I am currently reading "Local Quantum Physics" by R. Haag. In Chapter III, Theorem 2.1.9 says:
Let $\mathcal{R}$ be a factor, $P_i$ projectors belonging to $\mathcal{R}$. Then precisely one of the following relation holds \begin{equation} P_1>P_2,\quad P_1\sim P_2,\quad P_1<P_2. \end{equation}
The proof of this theorem in the book is omitted, but there is a clue with Lemma 2.1.10:
If $\mathcal{R}$ is a factor, $A\in \mathcal{R}$, $B\in \mathcal{R}'$ then $AB=0$ implies either $A=0$ or $B=0$.
My questions:
How can I prove the Lemma 2.1.10? Since $\mathcal{R}$ is a factor, $\mathcal{R}\cap \mathcal{R}' = \{\lambda \mathbb{1}\}$, which "looks like" they are kind of "well separated" and thus Lemma 2.1.10 is reasonable. However I cannot prove the statement.

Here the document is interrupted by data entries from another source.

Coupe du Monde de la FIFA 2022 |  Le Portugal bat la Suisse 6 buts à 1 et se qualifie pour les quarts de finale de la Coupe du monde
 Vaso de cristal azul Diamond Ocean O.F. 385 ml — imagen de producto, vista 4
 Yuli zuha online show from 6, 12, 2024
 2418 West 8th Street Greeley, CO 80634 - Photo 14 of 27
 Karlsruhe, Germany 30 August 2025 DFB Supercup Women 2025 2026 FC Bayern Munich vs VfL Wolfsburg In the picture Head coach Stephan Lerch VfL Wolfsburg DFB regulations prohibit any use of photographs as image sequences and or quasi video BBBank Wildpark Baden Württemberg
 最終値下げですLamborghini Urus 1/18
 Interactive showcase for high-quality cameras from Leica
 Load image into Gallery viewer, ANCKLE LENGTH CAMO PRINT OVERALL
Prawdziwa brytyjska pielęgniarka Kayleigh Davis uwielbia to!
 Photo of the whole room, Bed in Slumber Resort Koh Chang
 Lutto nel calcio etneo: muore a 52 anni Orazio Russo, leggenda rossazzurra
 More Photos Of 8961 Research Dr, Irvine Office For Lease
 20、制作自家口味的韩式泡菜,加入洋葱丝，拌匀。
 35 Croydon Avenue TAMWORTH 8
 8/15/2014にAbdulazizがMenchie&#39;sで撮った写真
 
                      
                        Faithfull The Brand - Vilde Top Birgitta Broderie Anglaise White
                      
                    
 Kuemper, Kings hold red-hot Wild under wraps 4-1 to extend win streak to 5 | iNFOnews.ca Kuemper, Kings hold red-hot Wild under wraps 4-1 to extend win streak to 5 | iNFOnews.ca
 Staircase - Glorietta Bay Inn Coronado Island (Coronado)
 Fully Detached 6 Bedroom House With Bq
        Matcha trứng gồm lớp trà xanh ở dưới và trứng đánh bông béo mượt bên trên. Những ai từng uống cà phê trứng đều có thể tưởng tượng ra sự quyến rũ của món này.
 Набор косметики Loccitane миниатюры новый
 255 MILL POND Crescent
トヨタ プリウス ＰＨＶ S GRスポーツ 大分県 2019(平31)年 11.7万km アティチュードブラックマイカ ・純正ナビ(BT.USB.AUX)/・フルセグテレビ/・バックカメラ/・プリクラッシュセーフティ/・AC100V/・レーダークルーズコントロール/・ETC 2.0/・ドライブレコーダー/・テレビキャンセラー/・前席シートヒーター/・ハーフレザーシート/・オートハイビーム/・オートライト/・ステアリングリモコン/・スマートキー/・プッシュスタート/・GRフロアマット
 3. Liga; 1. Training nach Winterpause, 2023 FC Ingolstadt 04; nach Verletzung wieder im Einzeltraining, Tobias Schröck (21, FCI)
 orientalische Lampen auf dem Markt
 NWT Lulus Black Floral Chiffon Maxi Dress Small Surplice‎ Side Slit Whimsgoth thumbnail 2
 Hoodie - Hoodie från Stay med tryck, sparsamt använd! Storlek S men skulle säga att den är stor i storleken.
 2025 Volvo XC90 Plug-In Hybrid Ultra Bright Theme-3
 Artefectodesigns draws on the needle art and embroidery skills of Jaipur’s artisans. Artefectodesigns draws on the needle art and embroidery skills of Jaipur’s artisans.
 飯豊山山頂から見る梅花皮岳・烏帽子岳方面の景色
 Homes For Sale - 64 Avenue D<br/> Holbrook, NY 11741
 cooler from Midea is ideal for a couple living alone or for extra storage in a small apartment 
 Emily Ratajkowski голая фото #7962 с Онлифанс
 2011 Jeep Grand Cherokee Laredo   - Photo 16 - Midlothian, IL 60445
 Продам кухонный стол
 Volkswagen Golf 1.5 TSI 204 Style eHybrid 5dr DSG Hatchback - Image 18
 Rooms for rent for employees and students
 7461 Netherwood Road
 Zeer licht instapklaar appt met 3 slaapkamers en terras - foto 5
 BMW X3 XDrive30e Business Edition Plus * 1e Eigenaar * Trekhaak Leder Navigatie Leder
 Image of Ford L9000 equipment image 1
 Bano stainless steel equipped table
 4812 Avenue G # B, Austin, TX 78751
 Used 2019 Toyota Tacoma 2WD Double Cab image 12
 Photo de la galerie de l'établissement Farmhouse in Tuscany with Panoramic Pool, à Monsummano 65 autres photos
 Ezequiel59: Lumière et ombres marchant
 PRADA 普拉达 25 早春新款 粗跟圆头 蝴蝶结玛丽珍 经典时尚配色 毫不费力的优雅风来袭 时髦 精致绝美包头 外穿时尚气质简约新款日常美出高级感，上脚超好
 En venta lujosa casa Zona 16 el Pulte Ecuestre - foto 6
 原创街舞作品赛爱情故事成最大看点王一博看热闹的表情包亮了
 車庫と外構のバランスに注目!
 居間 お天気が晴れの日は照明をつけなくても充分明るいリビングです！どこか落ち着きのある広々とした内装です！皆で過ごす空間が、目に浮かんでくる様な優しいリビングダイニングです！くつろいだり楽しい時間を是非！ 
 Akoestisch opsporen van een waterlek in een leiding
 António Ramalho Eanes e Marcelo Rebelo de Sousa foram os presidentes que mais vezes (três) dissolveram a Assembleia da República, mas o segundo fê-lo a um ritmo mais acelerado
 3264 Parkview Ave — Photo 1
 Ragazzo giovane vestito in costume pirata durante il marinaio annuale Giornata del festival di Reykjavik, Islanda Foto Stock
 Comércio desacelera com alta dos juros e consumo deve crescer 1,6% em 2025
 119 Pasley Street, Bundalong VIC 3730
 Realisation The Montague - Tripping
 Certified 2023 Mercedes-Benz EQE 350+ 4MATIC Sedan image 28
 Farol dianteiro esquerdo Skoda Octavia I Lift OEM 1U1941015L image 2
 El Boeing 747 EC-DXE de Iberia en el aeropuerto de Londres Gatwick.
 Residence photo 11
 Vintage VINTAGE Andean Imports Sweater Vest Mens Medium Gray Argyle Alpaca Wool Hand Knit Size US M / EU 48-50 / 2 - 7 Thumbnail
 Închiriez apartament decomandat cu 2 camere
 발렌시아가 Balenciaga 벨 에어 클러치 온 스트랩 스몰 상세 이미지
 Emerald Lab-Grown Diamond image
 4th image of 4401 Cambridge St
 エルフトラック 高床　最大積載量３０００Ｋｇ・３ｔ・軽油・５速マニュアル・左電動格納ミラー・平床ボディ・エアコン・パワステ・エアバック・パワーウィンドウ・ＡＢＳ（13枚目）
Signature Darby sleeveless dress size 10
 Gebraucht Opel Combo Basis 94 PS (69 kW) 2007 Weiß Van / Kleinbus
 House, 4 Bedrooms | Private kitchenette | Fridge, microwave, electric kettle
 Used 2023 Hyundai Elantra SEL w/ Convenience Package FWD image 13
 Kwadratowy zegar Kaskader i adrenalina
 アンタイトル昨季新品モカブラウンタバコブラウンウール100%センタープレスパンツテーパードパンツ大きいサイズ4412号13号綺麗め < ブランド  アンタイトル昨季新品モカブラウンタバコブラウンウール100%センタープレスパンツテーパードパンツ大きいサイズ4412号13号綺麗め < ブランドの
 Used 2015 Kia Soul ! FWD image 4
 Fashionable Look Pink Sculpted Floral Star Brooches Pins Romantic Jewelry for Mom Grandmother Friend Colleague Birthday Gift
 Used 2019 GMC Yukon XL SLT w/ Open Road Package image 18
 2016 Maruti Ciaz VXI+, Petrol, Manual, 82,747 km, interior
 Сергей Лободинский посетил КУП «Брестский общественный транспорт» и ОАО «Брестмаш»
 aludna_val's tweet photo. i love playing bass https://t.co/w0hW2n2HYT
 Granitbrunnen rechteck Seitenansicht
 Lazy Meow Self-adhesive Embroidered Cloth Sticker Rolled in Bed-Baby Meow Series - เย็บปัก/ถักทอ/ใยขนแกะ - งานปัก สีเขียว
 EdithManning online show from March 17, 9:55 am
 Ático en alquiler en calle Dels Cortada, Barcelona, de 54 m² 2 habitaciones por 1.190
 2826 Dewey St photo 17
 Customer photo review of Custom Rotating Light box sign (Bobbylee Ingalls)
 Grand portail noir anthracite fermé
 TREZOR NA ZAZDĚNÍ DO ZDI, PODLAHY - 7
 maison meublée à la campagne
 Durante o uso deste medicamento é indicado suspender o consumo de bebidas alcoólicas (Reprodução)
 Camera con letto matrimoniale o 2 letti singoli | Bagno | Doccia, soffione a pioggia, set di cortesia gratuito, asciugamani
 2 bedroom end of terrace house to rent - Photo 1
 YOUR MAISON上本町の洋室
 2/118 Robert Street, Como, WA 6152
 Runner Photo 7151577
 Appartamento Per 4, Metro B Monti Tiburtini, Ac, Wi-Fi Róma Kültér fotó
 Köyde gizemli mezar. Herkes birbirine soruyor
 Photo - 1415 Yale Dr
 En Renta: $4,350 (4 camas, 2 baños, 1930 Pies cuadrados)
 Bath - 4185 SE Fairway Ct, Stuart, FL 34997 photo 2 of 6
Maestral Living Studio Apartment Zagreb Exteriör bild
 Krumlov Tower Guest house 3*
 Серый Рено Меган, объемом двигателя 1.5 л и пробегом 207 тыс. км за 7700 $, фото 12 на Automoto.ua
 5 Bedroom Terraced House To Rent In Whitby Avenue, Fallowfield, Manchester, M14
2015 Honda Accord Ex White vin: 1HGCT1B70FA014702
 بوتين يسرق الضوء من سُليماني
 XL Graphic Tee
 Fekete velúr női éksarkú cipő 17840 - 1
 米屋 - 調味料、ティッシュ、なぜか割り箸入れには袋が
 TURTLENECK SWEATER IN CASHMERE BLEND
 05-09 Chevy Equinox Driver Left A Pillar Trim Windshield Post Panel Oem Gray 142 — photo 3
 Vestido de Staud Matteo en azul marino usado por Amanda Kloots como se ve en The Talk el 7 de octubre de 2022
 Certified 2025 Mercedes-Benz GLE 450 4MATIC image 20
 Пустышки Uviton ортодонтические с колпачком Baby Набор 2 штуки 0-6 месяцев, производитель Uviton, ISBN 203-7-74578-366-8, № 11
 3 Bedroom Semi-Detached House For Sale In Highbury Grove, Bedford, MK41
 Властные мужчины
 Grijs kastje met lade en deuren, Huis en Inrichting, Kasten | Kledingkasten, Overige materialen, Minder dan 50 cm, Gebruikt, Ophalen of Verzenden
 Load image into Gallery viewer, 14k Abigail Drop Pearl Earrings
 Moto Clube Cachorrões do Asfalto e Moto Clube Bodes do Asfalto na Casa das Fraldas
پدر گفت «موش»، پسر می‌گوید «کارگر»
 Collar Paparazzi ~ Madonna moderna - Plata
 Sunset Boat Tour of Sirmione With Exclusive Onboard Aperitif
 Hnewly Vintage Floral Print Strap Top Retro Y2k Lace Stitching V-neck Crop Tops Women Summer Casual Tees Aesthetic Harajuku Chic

How can I prove the Theorem 2.1.9 from Lemma 2.1.10? I already found the proof using "Comparability Theorem": there is a central projection $Z$ such that $ZP_1 \leq ZP_2$ and $(\mathbb{1}-Z)P_1\geq (\mathbb{1}-Z)P_2$. Showing the "Comparability Theorem" uses Zorn's Lemma, hence I think that showing Theorem 2.1.9 with Lemma 2.1.10 also uses Zorn's Lemma(or equivalent AC-type statements), but I don't know how.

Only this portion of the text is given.